Mol Pharm. 2005 May-Jun;2(3):224-32. doi: 10.1021/mp050007t.
Branched polyethylenimine (PEI) is a cationic polymer capable of forming self-assembly complexes with DNA to become a highly efficient agent used in gene delivery. Conjugation through the primary amines of PEI is a most commonly used approach further to enable the targeting delivery or to improve the stability of the DNA-polymer complexes. An understanding of how the conjugation affects the transfection mechanisms can help in the design of efficient polycationic vectors. In order to investigate the effects of conjugation, folate and the dextrans of molecular weight 1500 (dex-1500) and 10 000 (dex-10000) were used to prepare three different types of PEI conjugates: dextran-PEI, folate-PEI, and folate-dextran-PEI, which were subsequently employed to form complexes with DNA. These conjugates were found to cause less cytotoxicity than the unmodified PEI as revealed by the MTT method, and to be able to deliver an approximate amount of ethidium monoazide labeled plasmid into the cells. The efficiencies of green fluorescent protein (GFP) expression mediated by these conjugates, however, were less efficient than those mediated by the unmodified PEI. A titration experiment suggested that conjugation through the primary amines of PEI resulted in the loss of relative buffering capacity, a major factor aiding the release of plasmid from the endosomes, presumably because the conjugated molecules hindered the protonation of the PEI conjugates. When a quantitative relationship between relative buffering capacity and transfection efficiency was examined, a threshold of relative buffering capacity, around 50% of the unmodified PEI, was noted to be required for minimal detection of GFP positive cells. In addition, the cytotoxicity could be also related to the relative buffering capacity in an approximately linear trend. It is thus concluded that the severe loss of relative buffering capacity by conjugation might be attributed to the inefficiency of transgene expression mediated by the dextran-PEI conjugates.

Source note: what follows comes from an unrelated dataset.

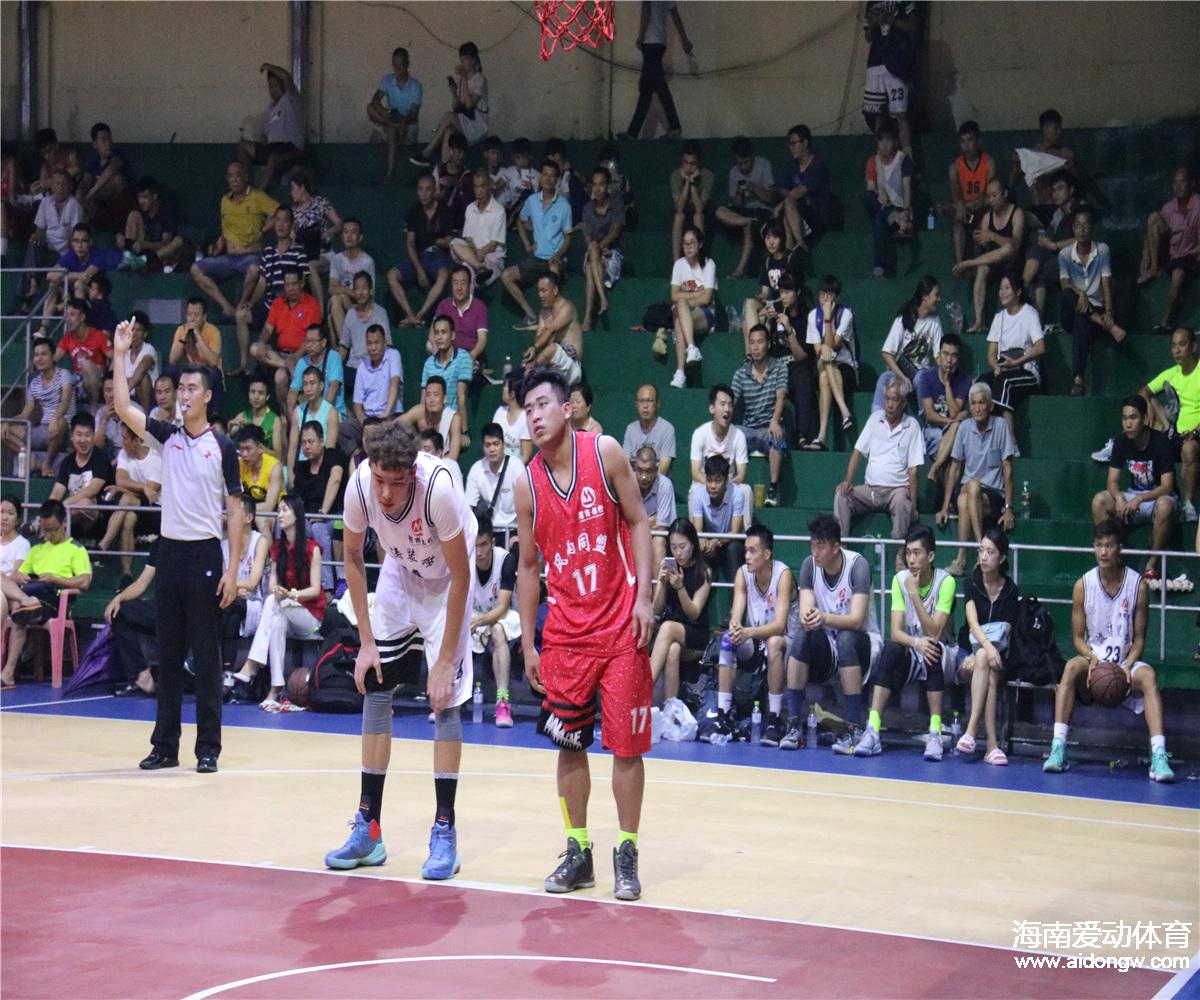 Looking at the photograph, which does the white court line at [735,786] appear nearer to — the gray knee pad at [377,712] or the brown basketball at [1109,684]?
the brown basketball at [1109,684]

支化聚乙烯亚胺(PEI)是一种阳离子聚合物,能够与DNA形成自组装复合物,成为基因递送中使用的高效试剂。通过PEI的伯胺进行共轭是一种最常用的方法,可进一步实现靶向递送或提高DNA-聚合物复合物的稳定性。了解共轭如何影响转染机制有助于设计高效的聚阳离子载体。为了研究共轭的影响,使用叶酸以及分子量为1500(dex-1500)和10000(dex-10000)的葡聚糖制备了三种不同类型的PEI共轭物:葡聚糖-PEI、叶酸-PEI和叶酸-葡聚糖-PEI,随后将它们用于与DNA形成复合物。MTT法显示,这些共轭物的细胞毒性比未修饰的PEI小,并且能够将大致等量的单叠氮溴化乙锭标记质粒递送至细胞中。然而,这些共轭物介导的绿色荧光蛋白(GFP)表达效率低于未修饰的PEI介导的效率。滴定实验表明,通过PEI的伯胺进行共轭导致相对缓冲能力丧失,这是帮助质粒从内体释放的一个主要因素,推测是因为共轭分子阻碍了PEI共轭物的质子化。当检查相对缓冲能力与转染效率之间的定量关系时,发现检测GFP阳性细胞的最小值需要约为未修饰PEI 50%的相对缓冲能力阈值。此外,细胞毒性也可能与相对缓冲能力呈近似线性趋势相关。因此得出结论,共轭导致的相对缓冲能力严重丧失可能是葡聚糖-PEI共轭物介导的转基因表达效率低下的原因。